---- Material provided

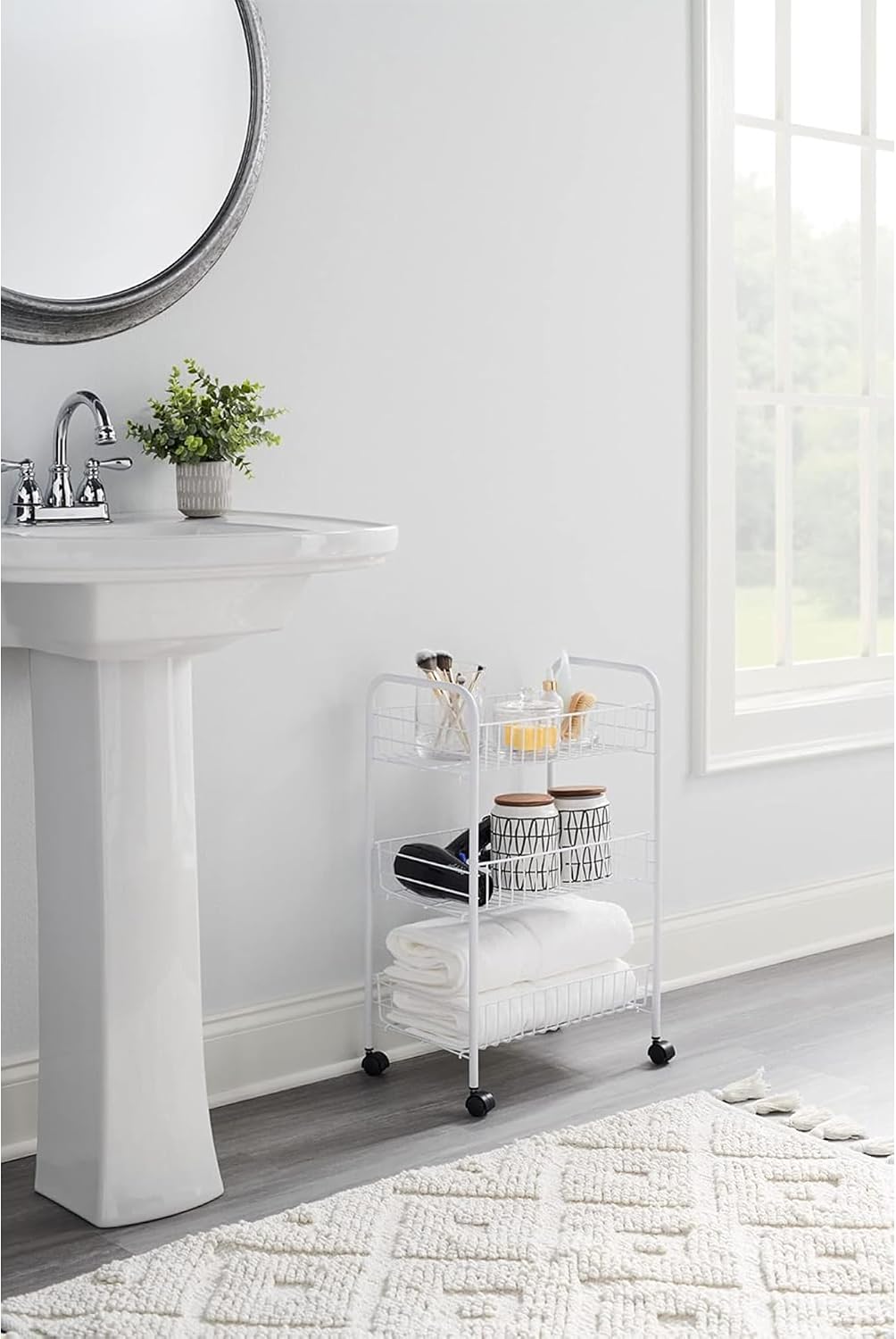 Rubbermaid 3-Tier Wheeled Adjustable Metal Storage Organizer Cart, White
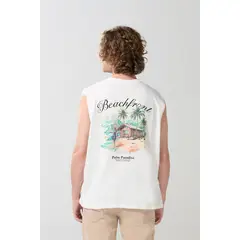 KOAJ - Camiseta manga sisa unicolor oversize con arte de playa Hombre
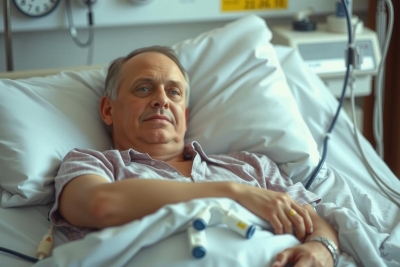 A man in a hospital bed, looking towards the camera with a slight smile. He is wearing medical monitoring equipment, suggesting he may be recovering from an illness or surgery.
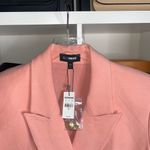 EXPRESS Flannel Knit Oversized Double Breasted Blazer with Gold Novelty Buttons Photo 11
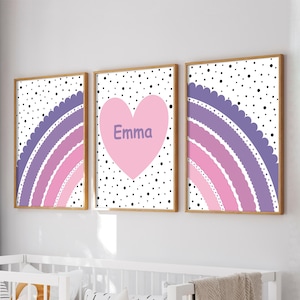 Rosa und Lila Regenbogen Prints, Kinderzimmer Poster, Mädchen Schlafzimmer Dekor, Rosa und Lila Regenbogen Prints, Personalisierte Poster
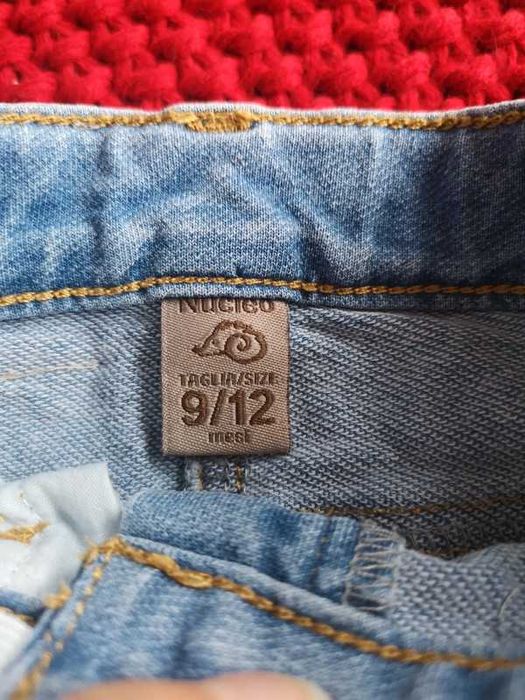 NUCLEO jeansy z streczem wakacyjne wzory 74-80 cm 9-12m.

--------

Task requirements:
Out of the records above, set down only the lines from the one that contains "KOAJ - Camiseta" through the one that contains "Rosa und Lila Regenbogen Prints, Kinderzimmer", unchanged and without the pictures.

Response:
 KOAJ - Camiseta manga sisa unicolor oversize con arte de playa Hombre
 A man in a hospital bed, looking towards the camera with a slight smile. He is wearing medical monitoring equipment, suggesting he may be recovering from an illness or surgery.
 EXPRESS Flannel Knit Oversized Double Breasted Blazer with Gold Novelty Buttons Photo 11
 Rosa und Lila Regenbogen Prints, Kinderzimmer Poster, Mädchen Schlafzimmer Dekor, Rosa und Lila Regenbogen Prints, Personalisierte Poster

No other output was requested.